Alpine PDX-5 Amplifier
To drive all the new speakers, Randy was again attracted to a compact sized solution, and with a bit of help from a fairly knowledgeable salesperson, quickly decided on an Alpine PDX-5, five-channel amp to drive the whole system. The Alpine PDX-5 amp uses a full range Class D design for excellent efficient at all power levels and provides 75 watts to each of the full range channels and 300 watts to the subwoofers. This power mates perfectly with his choice of speakers and maintains his minimalist approach to getting his bump on. The Alpine PDX-5 also comes with built in -12dB front and rear crossovers and a -24dB crossover for the subwoofer output.
Wiring / Accessories & Custom Enclosure
With all the gear selected, we needed the wiring to make it all work, and for that Randy chose a Stinger SPK5241R 4-gauge Pro Power amplifier wiring kit and some additional Stinger gear. The subwoofer enclosure was constructed out of ¾-inch MDF, and when completed had an interior air volume total of about 0.8 cubic feet. We covered it in matching black trunk liner, and secured it to the chassis with ¼-inch thick custom aluminum brackets I made in my garage. The Alpine amp found a comfortable home on the back side of the enclosure, and a trim panel with the Mitsubishi logo embroidered in red trimmed out the amp and hides all the wiring.
The complete system total for Randy’s car came as a pleasant surprise, as he’d been under the impression this was going to cost around 5 grand by the time all the shots were fired. As it turned out, the entire system including the Dynamat and custom woofer box construction and trim work came in at just under $3,000. And in case some of you thought I’d forgotten, the weight of everything we added to the car came in at just under 117 pounds!
Over the course of two weekends Randy and I (mostly Randy) put the Evo back together and when we had it dialed in and tuned, we went for a ride.
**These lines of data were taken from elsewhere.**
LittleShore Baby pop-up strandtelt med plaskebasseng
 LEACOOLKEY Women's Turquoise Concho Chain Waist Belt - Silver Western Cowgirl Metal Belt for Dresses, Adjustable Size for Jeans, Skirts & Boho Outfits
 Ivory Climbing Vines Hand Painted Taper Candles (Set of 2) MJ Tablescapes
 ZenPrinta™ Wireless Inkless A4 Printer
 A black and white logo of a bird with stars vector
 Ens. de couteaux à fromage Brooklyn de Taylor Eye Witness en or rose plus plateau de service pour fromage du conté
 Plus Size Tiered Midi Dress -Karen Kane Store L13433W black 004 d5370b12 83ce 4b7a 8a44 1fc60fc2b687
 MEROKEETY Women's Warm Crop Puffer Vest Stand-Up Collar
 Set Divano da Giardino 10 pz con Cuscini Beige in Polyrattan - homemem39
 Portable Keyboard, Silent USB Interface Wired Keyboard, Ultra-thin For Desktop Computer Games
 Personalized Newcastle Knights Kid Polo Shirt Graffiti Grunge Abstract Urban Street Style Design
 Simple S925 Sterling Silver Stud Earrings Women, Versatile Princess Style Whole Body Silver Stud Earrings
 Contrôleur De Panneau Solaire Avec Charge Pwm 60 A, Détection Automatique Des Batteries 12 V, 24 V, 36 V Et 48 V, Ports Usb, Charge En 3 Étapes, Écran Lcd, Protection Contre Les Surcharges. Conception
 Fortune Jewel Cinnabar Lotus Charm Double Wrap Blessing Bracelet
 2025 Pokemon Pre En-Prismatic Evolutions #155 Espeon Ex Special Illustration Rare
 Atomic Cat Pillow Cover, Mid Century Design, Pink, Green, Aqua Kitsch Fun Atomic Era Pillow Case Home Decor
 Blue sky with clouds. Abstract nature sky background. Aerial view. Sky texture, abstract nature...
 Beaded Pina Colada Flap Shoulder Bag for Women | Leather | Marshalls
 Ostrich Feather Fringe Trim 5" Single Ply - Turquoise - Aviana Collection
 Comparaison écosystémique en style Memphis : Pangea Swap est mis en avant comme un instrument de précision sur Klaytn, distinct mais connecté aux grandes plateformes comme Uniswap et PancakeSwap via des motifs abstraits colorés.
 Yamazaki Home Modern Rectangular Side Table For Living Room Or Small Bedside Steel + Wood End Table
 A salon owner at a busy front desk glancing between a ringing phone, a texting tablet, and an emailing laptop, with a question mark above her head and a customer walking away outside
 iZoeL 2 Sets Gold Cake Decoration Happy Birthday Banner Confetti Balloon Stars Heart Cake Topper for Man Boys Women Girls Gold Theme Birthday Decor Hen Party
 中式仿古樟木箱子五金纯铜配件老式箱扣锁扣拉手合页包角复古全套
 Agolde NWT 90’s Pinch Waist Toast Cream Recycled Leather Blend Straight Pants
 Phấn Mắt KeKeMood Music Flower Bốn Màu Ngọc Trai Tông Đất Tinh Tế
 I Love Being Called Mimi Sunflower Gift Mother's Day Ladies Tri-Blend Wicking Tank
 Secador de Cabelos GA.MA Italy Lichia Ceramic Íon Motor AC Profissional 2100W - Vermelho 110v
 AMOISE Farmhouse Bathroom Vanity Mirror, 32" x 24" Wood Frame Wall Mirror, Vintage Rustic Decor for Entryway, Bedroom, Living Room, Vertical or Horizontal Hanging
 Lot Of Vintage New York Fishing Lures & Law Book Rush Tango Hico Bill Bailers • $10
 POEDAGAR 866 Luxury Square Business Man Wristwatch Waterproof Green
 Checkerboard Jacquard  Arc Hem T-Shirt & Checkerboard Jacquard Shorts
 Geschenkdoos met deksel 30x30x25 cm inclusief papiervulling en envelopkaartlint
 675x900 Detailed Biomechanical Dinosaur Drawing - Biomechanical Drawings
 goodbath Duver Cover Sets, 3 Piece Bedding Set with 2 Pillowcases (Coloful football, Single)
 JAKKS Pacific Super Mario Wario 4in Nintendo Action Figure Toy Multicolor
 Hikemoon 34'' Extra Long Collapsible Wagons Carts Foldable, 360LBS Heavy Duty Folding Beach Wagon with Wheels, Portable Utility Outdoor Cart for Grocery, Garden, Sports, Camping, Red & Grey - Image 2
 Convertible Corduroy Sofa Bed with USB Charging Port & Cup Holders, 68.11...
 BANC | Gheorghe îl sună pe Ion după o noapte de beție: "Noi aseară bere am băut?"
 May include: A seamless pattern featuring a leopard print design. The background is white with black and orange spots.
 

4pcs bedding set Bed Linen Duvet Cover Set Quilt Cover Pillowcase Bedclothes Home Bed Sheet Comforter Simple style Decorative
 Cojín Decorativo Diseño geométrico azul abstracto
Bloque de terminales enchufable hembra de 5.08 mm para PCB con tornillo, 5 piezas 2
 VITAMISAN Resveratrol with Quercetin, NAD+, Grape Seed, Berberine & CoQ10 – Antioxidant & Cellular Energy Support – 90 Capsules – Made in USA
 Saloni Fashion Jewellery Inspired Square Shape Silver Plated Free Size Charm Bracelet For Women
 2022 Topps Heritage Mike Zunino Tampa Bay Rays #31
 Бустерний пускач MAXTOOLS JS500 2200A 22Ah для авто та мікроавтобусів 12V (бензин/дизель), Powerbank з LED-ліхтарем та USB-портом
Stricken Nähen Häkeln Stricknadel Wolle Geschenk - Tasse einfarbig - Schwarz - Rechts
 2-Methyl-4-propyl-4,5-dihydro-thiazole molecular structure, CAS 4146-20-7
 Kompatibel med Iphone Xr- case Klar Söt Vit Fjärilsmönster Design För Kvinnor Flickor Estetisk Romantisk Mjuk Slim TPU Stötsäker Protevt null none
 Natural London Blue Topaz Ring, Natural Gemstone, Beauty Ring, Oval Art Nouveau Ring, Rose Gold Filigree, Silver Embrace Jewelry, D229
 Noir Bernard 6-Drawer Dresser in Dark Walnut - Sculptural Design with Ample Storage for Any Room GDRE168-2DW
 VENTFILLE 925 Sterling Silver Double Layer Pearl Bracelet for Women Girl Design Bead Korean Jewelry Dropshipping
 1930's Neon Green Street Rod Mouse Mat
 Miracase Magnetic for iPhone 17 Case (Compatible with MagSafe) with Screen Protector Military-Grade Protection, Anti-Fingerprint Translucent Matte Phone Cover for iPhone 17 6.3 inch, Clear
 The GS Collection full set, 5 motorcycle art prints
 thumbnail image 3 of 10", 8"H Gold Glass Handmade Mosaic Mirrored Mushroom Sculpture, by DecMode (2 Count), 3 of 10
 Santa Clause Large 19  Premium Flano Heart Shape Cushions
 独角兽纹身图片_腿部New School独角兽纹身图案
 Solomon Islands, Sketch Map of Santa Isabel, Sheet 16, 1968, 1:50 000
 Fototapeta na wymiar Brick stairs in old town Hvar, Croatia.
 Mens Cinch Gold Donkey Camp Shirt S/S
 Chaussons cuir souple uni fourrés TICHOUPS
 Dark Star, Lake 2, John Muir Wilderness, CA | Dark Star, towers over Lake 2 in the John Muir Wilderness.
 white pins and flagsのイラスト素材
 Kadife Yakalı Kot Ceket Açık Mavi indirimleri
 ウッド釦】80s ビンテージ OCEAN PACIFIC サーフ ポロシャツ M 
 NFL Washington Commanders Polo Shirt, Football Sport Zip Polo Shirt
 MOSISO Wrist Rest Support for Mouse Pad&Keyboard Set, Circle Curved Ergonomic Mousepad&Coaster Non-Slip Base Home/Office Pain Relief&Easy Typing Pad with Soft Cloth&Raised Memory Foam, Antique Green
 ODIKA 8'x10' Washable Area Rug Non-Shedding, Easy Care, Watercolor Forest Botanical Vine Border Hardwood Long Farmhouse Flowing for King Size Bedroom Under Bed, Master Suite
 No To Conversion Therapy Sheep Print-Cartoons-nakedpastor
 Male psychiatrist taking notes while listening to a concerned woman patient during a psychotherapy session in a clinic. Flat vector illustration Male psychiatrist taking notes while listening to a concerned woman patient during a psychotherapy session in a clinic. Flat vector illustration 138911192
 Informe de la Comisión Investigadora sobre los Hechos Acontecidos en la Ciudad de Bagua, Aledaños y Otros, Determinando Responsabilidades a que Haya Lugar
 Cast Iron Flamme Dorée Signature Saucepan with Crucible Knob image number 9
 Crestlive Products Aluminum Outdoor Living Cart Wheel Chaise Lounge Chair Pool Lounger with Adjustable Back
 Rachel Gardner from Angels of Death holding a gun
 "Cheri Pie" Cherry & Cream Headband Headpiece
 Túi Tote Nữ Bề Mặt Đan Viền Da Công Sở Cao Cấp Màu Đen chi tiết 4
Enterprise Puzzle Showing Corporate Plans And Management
He was completely stunned at how much quieter and solid the car felt overall. In his words, “This can’t be the same car, it feels more like my S- Class inside!” Well, it’s probably not really as uber-quiet as the big Benz, but once again the benefits of sound control were clear. The Evo’s interior was transformed into a much more peaceful and enjoyable place to spend time. The doors close with a solid “thunk,” and the exhaust resonance as well as the frenetic noises from the turbocharged engine are all now greatly muted. Tire and road noise is reduced as well, and this high performance hotrod is actually quieter inside than a new Galant. The systems general sound quality and output also came as a surprise, the Kicker woofers supply more bass than he’d ever had in a car before and the Alpine speakers contribute clean and articulate output to what is actually a very musical system. Randy’s also thrilled with his new hands free Bluetooth functionality, and is quickly finding his favorite HD stations around the Valley of the Sun.
From my point of view, this was a great build. We came in well under budget and built a simple yet effective system that far exceeded expectations without losing anything that made the car fun to drive! I’m not sure what his next project will be, as the Evo is pretty complete, but he did mention he knows of a 1969 Opel GT in need of restoration and likely a new stereo… happy listening.